- **Problem statement**
In how many lines of the data below does the word "Sneakers" appear? Reply with the number and nothing more.

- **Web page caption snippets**
*** Begin section ***

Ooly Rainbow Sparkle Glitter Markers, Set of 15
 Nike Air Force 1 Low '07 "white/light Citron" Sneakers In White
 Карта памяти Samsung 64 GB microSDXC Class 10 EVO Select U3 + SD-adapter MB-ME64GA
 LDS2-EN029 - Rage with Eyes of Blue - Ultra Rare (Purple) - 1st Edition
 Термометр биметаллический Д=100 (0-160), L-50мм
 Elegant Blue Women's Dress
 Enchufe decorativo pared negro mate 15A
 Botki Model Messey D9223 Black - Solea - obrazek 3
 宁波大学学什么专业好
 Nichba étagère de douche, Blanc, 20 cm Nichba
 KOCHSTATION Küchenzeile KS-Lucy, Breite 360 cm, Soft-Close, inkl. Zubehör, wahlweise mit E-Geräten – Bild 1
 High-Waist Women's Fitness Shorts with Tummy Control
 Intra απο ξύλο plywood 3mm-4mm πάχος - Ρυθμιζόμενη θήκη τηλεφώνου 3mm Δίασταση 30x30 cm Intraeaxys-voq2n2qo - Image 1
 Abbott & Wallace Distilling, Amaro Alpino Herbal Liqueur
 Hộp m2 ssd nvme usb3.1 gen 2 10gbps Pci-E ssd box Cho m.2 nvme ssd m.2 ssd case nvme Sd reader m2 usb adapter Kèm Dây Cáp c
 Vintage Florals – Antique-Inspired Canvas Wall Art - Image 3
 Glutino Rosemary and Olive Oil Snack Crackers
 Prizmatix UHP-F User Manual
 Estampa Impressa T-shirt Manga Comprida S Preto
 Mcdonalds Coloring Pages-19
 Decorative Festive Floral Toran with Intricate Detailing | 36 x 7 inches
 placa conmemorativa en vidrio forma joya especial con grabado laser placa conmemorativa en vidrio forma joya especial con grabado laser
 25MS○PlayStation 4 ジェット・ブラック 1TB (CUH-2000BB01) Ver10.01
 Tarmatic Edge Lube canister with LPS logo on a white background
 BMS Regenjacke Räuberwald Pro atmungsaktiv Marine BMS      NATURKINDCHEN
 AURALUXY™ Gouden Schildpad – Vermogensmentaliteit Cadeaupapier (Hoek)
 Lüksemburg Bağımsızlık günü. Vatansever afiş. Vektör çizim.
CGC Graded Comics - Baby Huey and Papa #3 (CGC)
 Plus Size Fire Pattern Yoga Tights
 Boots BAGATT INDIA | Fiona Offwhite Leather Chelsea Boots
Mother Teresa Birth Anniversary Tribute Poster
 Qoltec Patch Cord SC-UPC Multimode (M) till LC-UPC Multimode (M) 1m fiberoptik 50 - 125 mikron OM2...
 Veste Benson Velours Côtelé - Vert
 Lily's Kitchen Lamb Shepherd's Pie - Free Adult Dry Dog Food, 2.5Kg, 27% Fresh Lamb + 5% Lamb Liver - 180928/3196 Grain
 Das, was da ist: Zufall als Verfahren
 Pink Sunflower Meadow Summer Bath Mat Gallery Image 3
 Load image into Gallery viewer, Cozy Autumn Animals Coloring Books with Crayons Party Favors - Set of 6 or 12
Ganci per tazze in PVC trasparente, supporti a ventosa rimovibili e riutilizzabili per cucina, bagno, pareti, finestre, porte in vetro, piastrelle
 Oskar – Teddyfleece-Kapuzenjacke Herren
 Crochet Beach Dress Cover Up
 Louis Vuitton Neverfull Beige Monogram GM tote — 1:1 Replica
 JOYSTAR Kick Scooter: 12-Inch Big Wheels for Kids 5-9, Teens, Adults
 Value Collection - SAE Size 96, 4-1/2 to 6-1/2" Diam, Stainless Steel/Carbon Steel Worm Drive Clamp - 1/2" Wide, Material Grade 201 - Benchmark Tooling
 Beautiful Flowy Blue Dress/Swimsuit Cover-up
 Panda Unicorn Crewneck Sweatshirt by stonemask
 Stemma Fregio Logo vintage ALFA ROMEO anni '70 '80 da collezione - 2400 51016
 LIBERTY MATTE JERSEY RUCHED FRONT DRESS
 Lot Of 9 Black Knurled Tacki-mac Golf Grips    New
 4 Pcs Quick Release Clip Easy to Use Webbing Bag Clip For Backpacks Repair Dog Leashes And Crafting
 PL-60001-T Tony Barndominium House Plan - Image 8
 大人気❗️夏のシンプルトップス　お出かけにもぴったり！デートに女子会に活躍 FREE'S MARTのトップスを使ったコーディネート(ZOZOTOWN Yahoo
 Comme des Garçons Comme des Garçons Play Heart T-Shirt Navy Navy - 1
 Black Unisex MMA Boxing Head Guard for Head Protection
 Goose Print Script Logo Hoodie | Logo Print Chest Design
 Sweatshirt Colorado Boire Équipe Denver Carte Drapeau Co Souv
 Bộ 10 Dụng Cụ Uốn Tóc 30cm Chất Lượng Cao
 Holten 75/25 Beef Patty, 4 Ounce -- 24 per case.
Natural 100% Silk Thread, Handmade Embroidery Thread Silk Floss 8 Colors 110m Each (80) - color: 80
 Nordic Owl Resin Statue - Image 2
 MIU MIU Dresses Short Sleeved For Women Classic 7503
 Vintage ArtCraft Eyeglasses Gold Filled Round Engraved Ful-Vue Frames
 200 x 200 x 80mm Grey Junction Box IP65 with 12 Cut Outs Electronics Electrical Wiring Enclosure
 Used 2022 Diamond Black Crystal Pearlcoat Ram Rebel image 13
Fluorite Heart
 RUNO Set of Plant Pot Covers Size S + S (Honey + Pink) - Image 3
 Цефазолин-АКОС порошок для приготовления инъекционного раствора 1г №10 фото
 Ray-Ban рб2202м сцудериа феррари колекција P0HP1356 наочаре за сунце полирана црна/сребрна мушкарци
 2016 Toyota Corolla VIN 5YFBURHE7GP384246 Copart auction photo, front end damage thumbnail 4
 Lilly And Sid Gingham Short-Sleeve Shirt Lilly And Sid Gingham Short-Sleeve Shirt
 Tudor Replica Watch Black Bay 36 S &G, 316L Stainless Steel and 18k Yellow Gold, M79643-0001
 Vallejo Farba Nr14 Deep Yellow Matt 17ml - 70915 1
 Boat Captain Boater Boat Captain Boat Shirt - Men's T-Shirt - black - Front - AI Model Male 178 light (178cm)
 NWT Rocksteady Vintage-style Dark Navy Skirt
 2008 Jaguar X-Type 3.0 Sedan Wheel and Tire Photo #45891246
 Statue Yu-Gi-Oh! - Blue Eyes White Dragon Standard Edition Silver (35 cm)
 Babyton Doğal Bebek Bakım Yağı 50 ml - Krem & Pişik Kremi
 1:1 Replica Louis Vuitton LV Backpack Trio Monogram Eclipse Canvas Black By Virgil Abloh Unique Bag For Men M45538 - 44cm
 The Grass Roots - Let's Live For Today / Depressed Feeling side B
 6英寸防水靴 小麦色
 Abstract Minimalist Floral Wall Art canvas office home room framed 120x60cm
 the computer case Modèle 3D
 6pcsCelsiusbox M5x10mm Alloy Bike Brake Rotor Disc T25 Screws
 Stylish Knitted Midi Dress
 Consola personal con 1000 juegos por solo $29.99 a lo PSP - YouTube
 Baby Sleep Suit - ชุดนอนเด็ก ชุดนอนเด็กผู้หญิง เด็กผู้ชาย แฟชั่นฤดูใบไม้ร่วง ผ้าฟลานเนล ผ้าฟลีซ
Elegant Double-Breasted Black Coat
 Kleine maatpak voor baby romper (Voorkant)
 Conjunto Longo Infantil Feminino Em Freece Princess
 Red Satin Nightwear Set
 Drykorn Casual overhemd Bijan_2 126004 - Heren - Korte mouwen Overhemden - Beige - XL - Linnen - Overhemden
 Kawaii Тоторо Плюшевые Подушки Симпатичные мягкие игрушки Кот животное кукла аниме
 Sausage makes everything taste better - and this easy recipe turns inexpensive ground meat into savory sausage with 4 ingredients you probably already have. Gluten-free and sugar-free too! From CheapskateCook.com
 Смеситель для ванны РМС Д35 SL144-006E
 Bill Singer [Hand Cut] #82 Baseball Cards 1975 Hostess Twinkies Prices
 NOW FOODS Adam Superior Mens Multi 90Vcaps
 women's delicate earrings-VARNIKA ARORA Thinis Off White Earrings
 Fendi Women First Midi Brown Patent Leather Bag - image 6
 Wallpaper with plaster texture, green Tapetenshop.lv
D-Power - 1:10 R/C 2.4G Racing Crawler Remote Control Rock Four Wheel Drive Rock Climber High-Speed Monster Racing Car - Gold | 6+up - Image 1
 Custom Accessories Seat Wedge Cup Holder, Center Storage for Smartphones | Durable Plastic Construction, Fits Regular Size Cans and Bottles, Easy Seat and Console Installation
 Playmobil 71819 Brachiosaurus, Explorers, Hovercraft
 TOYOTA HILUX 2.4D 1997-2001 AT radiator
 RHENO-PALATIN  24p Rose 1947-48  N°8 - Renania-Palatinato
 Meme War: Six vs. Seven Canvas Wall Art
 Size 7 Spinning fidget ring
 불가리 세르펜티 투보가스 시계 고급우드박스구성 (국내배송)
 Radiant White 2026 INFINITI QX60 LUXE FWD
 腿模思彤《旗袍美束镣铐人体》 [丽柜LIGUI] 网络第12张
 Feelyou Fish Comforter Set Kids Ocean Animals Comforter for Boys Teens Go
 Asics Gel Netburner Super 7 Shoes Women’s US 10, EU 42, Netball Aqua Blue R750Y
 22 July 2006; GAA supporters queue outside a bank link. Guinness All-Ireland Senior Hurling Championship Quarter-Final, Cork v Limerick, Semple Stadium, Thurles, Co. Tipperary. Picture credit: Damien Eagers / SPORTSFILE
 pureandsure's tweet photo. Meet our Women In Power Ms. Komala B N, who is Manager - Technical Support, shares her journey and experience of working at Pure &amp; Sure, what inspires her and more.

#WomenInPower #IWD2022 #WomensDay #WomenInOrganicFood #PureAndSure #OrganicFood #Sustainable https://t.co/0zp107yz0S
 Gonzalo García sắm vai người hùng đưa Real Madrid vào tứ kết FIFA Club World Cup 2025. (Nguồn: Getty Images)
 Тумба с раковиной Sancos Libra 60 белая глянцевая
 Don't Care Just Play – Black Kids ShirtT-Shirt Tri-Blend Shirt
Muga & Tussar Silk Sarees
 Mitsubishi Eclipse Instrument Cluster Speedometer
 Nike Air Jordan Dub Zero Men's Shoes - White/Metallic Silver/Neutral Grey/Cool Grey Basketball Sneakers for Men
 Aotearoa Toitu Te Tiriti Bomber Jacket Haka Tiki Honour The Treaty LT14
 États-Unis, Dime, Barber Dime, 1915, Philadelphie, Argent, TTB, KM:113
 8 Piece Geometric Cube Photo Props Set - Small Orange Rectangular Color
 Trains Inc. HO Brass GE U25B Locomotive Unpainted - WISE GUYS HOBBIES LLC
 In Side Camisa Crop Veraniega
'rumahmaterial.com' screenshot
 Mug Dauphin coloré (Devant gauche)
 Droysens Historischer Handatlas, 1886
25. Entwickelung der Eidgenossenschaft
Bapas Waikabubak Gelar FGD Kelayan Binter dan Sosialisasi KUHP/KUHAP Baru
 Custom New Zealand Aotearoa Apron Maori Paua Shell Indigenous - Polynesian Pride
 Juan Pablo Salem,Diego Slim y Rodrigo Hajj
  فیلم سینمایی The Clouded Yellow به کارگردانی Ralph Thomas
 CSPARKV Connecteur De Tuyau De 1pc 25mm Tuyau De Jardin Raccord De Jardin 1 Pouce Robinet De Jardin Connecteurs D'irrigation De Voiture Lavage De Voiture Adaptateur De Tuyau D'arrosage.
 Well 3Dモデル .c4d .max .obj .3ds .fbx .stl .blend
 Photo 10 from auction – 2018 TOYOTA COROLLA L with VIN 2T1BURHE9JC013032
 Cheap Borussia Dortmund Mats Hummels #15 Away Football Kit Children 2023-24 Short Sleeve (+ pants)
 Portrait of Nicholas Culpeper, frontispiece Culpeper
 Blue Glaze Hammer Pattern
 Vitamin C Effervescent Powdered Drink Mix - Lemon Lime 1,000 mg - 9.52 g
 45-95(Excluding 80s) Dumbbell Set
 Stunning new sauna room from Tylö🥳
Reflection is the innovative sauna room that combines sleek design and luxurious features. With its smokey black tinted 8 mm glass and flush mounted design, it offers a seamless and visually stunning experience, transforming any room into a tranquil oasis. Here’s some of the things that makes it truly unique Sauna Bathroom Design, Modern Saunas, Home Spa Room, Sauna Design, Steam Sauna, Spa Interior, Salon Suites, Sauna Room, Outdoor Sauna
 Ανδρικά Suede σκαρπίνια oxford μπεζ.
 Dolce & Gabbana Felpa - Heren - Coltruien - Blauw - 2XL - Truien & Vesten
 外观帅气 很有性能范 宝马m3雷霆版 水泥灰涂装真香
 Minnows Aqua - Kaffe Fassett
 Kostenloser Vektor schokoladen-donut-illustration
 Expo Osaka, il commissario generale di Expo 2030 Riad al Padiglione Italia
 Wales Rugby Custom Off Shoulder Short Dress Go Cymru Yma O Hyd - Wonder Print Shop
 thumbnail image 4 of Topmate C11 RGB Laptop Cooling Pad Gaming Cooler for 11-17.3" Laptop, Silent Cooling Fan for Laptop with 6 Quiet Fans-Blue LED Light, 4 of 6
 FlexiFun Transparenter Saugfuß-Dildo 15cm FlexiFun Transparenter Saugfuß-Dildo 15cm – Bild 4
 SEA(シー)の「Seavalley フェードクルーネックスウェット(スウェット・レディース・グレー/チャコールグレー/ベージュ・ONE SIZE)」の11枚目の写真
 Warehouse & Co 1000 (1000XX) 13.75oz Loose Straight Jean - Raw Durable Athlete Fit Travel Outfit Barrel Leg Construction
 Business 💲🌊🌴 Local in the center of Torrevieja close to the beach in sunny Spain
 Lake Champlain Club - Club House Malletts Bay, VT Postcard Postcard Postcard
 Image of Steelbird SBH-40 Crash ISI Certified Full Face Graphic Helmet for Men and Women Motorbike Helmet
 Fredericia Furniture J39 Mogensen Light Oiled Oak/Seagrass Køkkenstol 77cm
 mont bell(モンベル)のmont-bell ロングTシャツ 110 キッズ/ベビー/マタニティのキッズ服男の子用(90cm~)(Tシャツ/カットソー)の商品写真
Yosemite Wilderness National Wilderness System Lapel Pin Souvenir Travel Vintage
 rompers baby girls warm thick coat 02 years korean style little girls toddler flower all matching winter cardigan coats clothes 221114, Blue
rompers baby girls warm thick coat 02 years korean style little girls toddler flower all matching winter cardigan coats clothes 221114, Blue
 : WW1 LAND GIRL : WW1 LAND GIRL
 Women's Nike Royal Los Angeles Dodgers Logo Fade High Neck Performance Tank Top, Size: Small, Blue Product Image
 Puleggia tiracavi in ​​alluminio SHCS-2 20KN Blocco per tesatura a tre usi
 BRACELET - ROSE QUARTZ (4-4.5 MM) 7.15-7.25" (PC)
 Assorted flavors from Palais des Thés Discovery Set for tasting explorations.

*** End section ***

- **Result for this task**
2